In dimension 1 we choose training sets where the average distance between two neigbouring points is relatively small. This is the reason we get better approximation comparing to higher dimensions. It is clear from Table 1 that the least accurate points are the randomly chosen ones probably because they ignore the fact that there is an underlying structure to the solutions. Thus we expect that the other points have a distribution complimentary to our problem. However, in Table 2 we observe that the Random points perform as well as the other training sets, probably because they become denser.

Table 2: Dimension 1

It is difficult to distinguish between different training sets because of the their density in parameter space $\Gamma$. Thus we now turn our attention to dimension 2.

Table 3: Dimension 2

The Uniform grid minimises the maximum distance between any point in $\Gamma$ and a point in our training set. This might lead someone to expect that it would be a good training set. However, it is only as accurate as using the Random
points. This fact suggests that there are some parts of $\Gamma$ which are more important to sample from. Due to the nature of the Lagrange optimal points we are forced to choose a number of the form $\binom{\beta+2}{2}$ (see Table 3). We observe that Order 8 points perform as well as the Random points and the Uniform grid because there are fewer of them compared to the latter points. On the other hand, Order 9 points clearly outperform all the other families despite the fact that there are families with more points. Such a performance can be explained in terms of what was discussed in [3].

Regarding the Clenshaw-Curtis points, in the case of the tensor product we expect such a performance since they are nearly optimal for the minimisation problem (3) and the heuristic explanation above, in terms of what was discussed in [3], applies to this case as well. About the sparse Clenshaw-Curtis, given that they are a good approximation to the full tensor product, one would still expect that they perform well and they do.

Table 4: Dimension 3

In dimensions 3 and 4 we are beginning to face the curse of dimensionality. For example in dimension 4 if we were to take the tensor product of 1 dimensional training sets, we would have $10^8$ points per training set rather than the approximately 80 that we use. The Lagrange optimal points are quite accurate considering their number and we observe that in dimension 4 the Clenshaw-Curtis sparse grid perform similarly to the Random points even if they are less than half in size. This might be explained again in terms of the reason mentioned in the previous paragraphs.

Table 5: Dimension 4

Figures 1,2 and 3

In Figure 1 we notice that the value of the Greedy error is what we expected. The smaller coefficients lead to smaller error. This is basically because the actual coefficient $a(x)=a_0(x)+\sum_{k=1}^K y_k \alpha_k \sin(2\pi kx)$ varies less over $\Gamma$ where $\alpha_k$ are smaller. The decay rates of $\alpha_k=\frac{1}{k^8}$ and $\alpha_k=\frac{1}{4^k}$ are quite similar, while $\alpha_k=\frac{1}{2^k}$ decay at a slower rate.

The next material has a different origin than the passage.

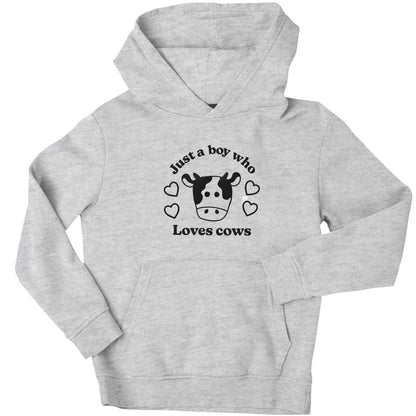 Just a boy who loves cows children's grey hoodie 12-13 Years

In Figures 2 and 3 we notice that $\alpha_k=\frac{1}{k^8}$ quickly becomes the coefficient with the smallest error as we increase the dimension. This is basically due to the fact that the value of $a(x)$ does not change much as we increase the dimension whereas it does change significantly for the other two coefficients. Furthermore, we see that $\alpha_k=\frac{1}{4^k} and \alpha_k=\frac{1}{k^8}$ have similar decay rates whereas $\alpha_k=\frac{1}{2^k}$ seems to decay with a slower rate, as we previously observed.

At this point we would like to explore the coefficients individually because the behaviour as we increase the dimension seems to be
relevant to what we discussed above.

Figures 4,5 and 6

In Figures 4 and 5 we can see that in higher dimensions we have larger error terms, as we expected. In addition as the dimension increases the decay is getting slower, but looks like it's changing less as the dimension is increasing.

In Figure 6 we observe a more interesting behaviour. From results in our report, we expect an algebriac decay of the form $N^{-7}$. Instead we get an exponential decay which is consistent across all three dimensions, this is probably because with so few dimensions the model cannot "see" that the coefficients have an algebriac decay.

Instead we will look at a slower decay of the coefficients but in higher dimensions specifically sixteen dimensions with $a_k = \frac{1}{k^3}$.

Figure 7

First note that Figure 7 is a log-log scale and so algebraic decay looks linear. The theory form our report indicates that we should expect a decay rate of less than $N^{-2}$, where in the above figure we got a decay rate of $N^{-2.4}$.

Figure 8

We know that the error estimator is effective (see RBM) in the sense that it bounds the true error and in Figure 8 we can see that this particular error estimator is less than $1.35$ times the true error. Despite this fact the error estimator seems to be systematically worse near the boundary, which implies that the Greedy Algorithm favours points near the boundary.